BEGIN DATASET EXTRACT

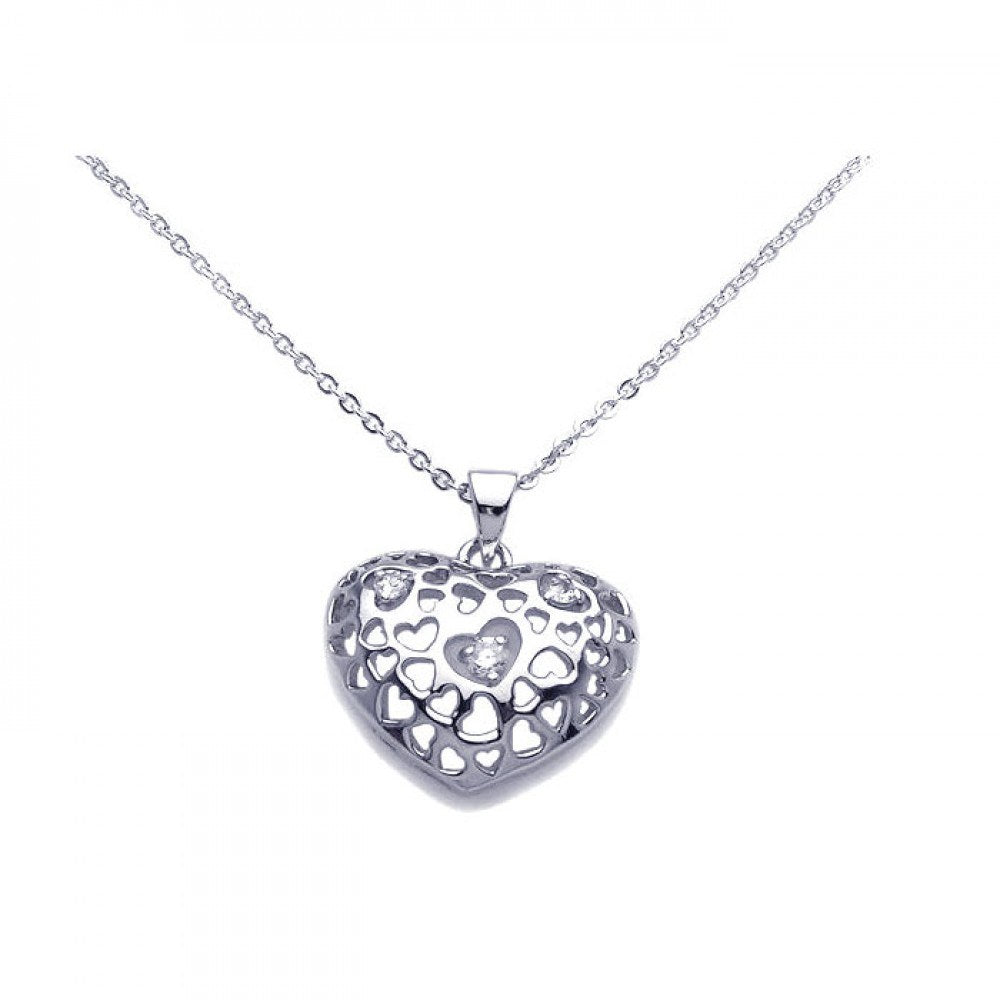 Sterling Silver Necklace with Fancy Heart with Multi Heart Hole Design Inlaid with Clear Czs Pendant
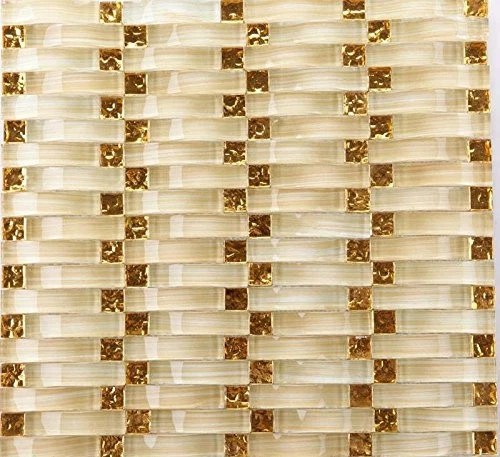 Hoja de mosaico de vidrio dorado beige pintado a mano azulejo de pared brillante con detalles de lámina... Foto 2 de 4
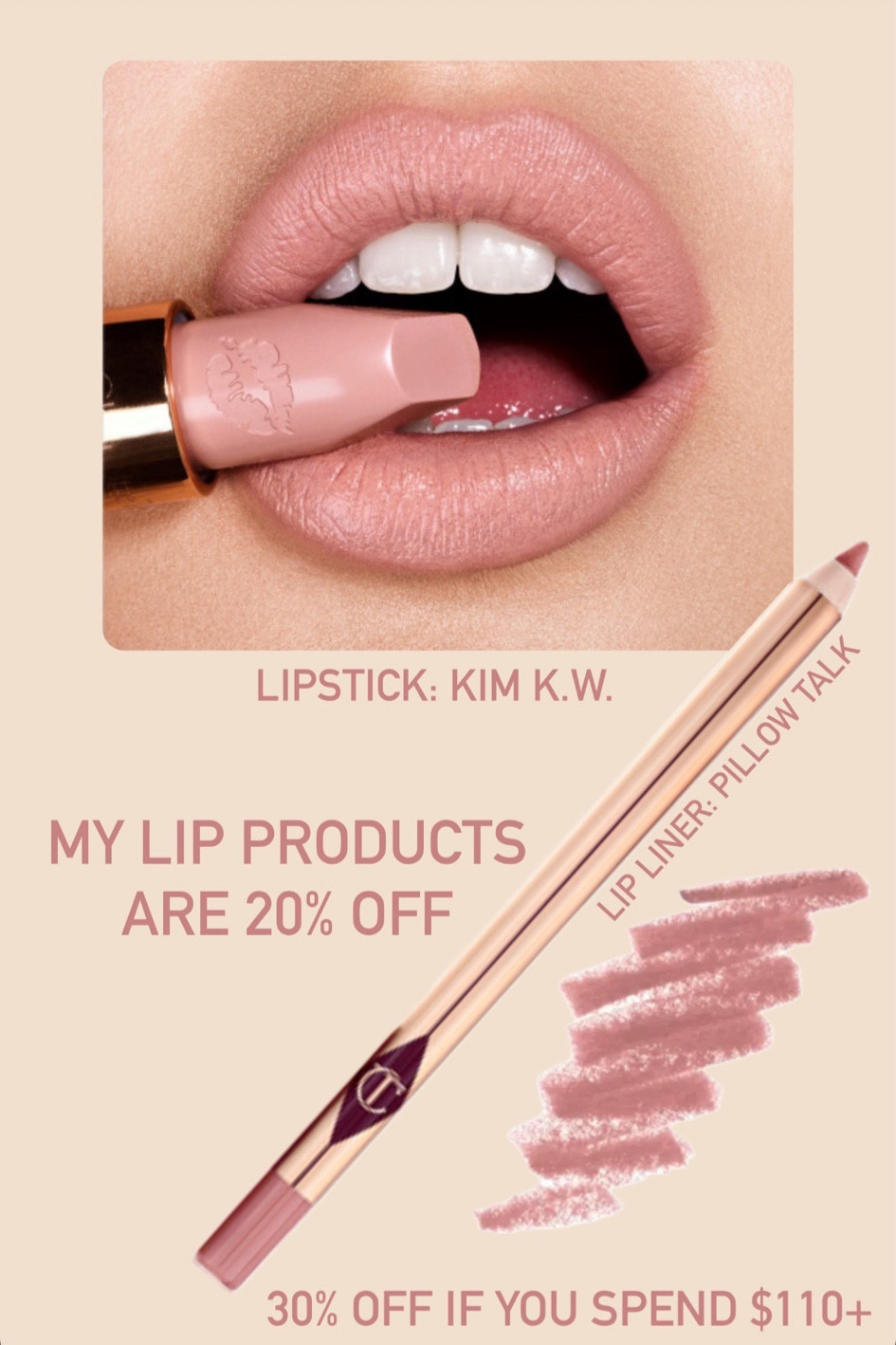 Charlotte Tilbury sale! This is the perfect pinky nude lip combo that I wear every day. Lipstick: KIM KW, Lip liner: PILLOW TALK

#LTKGiftGuide #LTKCyberWeek #LTKbeauty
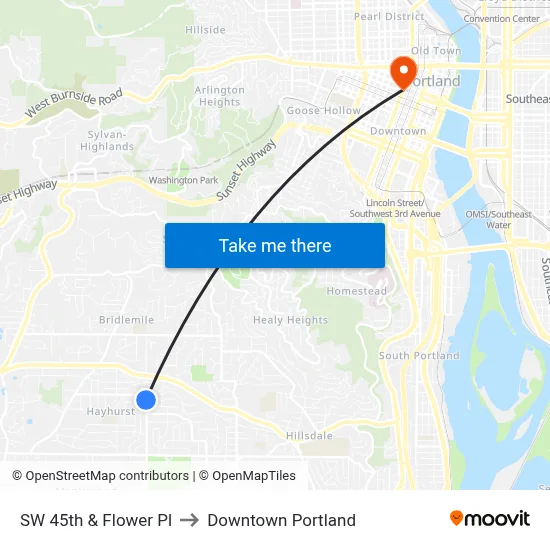 SW 45th & Flower Pl to Downtown Portland map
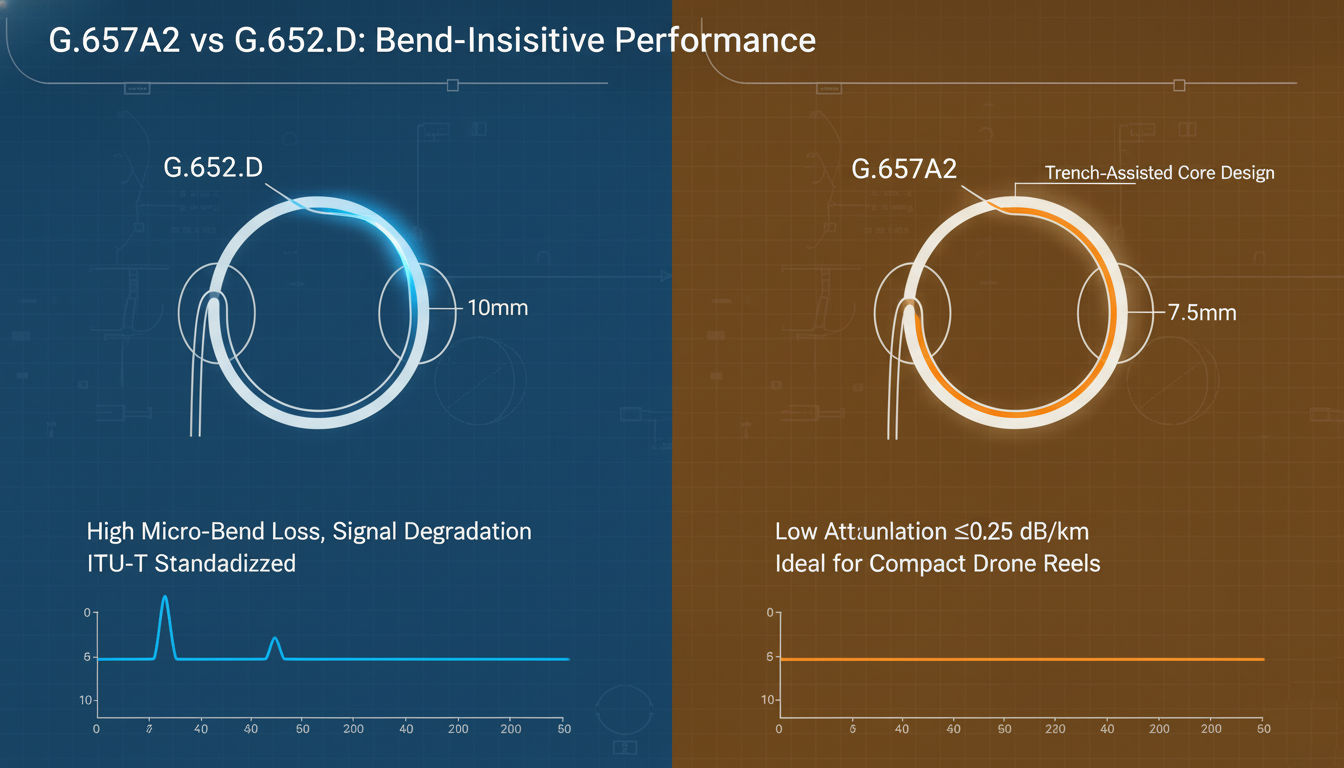 Comparison of bending loss between G.657A2 and G.652.D (signal stability at a radius of 7.5mm)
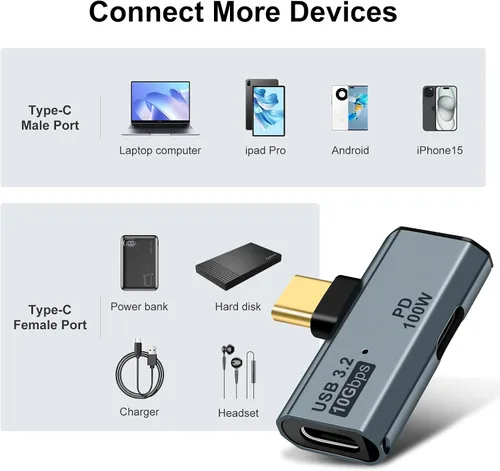 Vista 6 de Adaptador USB C OTG, carga PD tipo C de 100 W a divisor USB C dual para iPhone 15 Pro Max, Google TV Chromecast 2020, MacBook, Samsung Galaxy
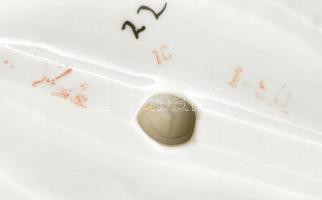 Mini porcelán szamovár készlet dísz. egy darabban. Kézzel festett, jelzett, hibátlan 13 cm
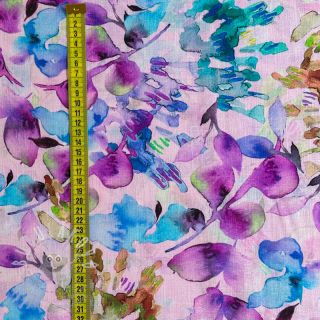 Len s bavlnou Aquarel leaves RAMIE purple digital print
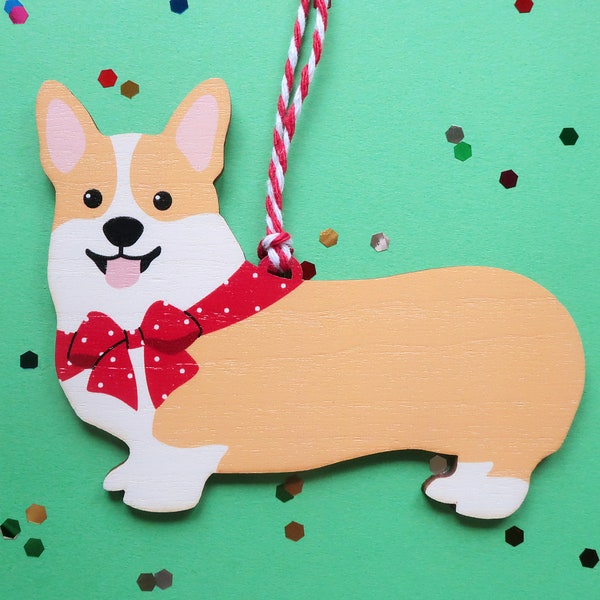 Pembroke Welsh Corgi Christmas Ornament  /  Personalized Handmade Wooden Dog Ornament / Christmas Tree Ornament / Gift for Corgi Lovers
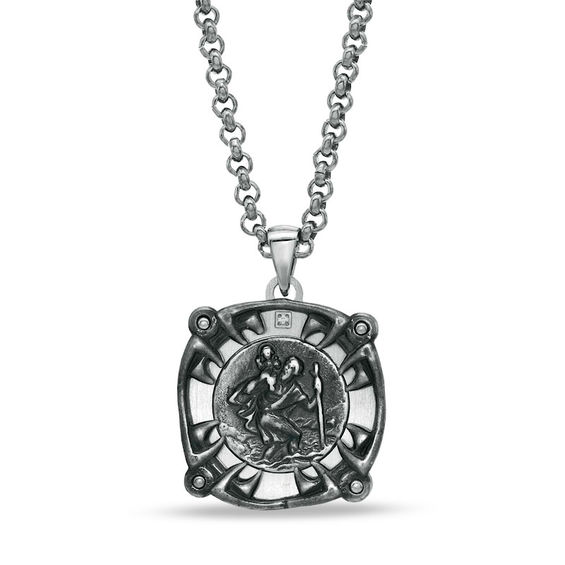Black Blue Jewelry Co. Men s Diamond Accent Saint Christopher Medal Pendant in Stainless Steel 24 Zales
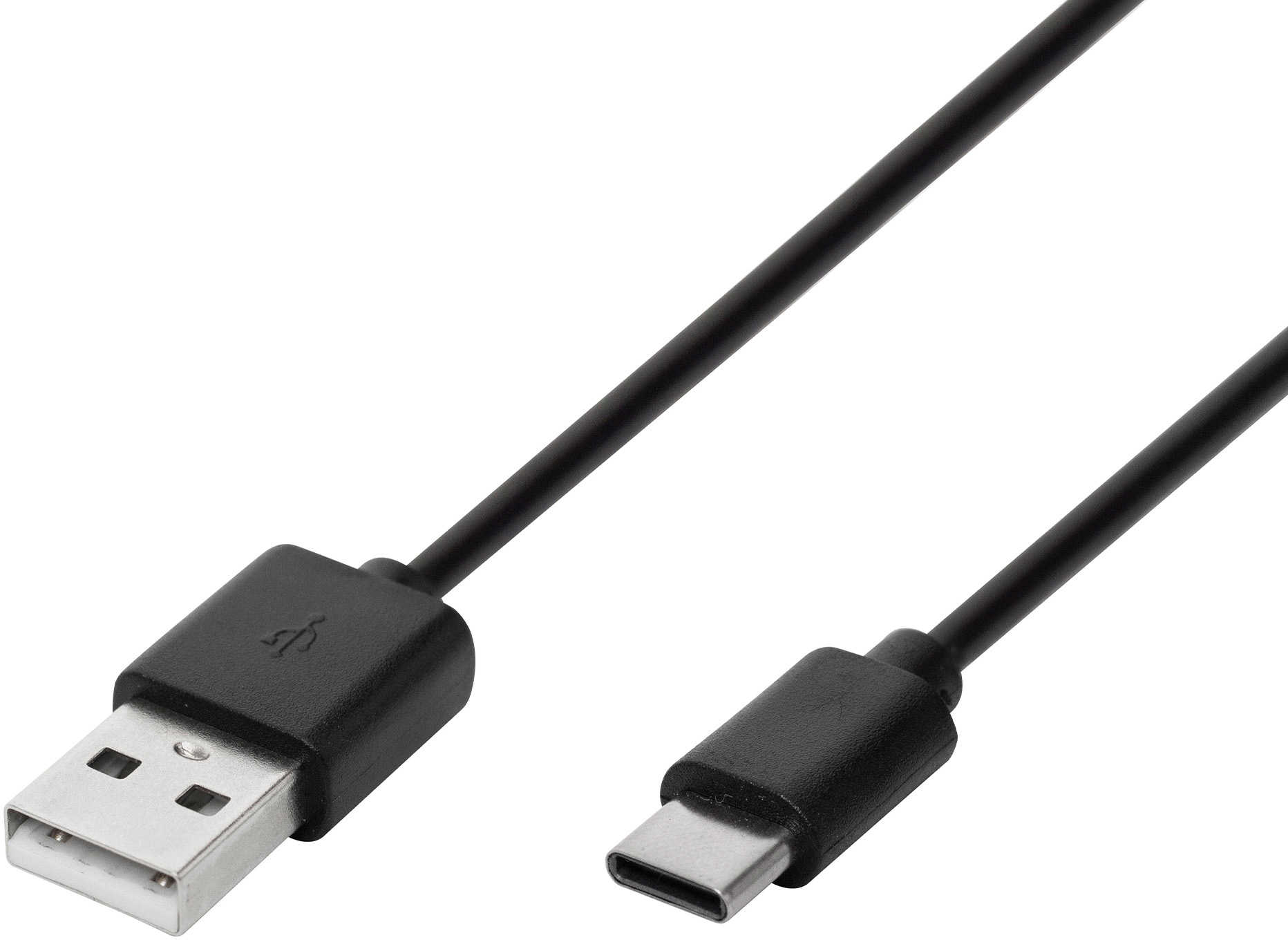 Egy fekete USB-C kábel, melynek egyik végén USB csatlakozó, a másikon Type-C csatlakozó található.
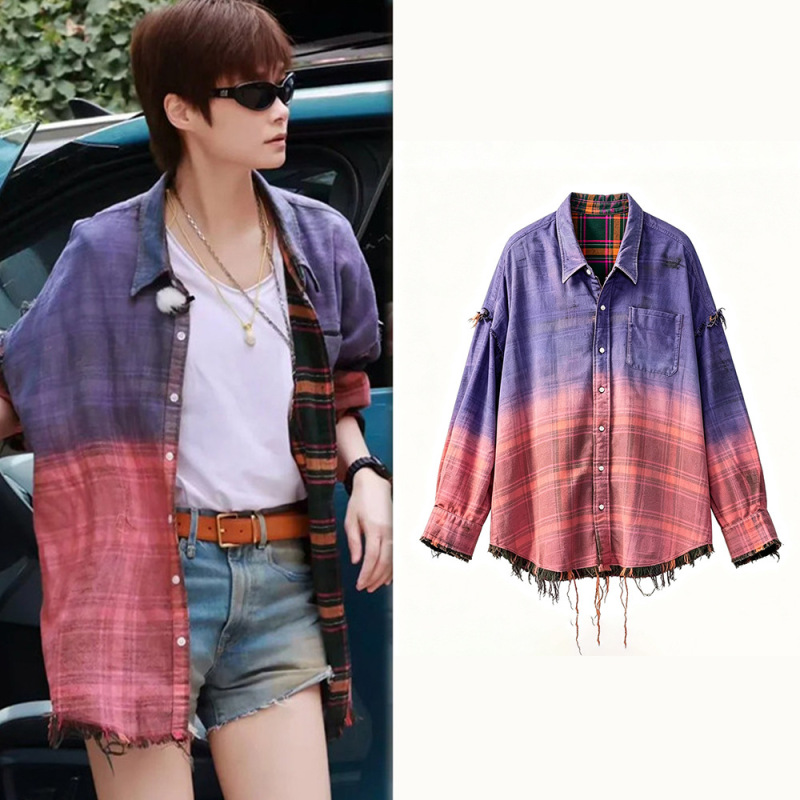 2026 Autumn New Niche Retro Gradient Tie-Dye Plaid Shirt for Women with Distressed Ripped Edges and Tassels 2026 Autumn New Niche Retro Gradient Tie-Dye Plaid Shirt for Women with Distressed Ripped Edges and Tassels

END DATASET EXTRACT

* [WHAT IS REQUIRED]
The data above holds the lines to copy: start at the one with "Comparison of bending", stop at the one with "Pembroke Welsh Corgi", include both, copy them exactly without pictures, and copy nothing else.

* [ANSWER TO THIS PROBLEM]
 Comparison of bending loss between G.657A2 and G.652.D (signal stability at a radius of 7.5mm)
 Vista 6 de Adaptador USB C OTG, carga PD tipo C de 100 W a divisor USB C dual para iPhone 15 Pro Max, Google TV Chromecast 2020, MacBook, Samsung Galaxy
 Mini porcelán szamovár készlet dísz. egy darabban. Kézzel festett, jelzett, hibátlan 13 cm
 Len s bavlnou Aquarel leaves RAMIE purple digital print
 Pembroke Welsh Corgi Christmas Ornament  /  Personalized Handmade Wooden Dog Ornament / Christmas Tree Ornament / Gift for Corgi Lovers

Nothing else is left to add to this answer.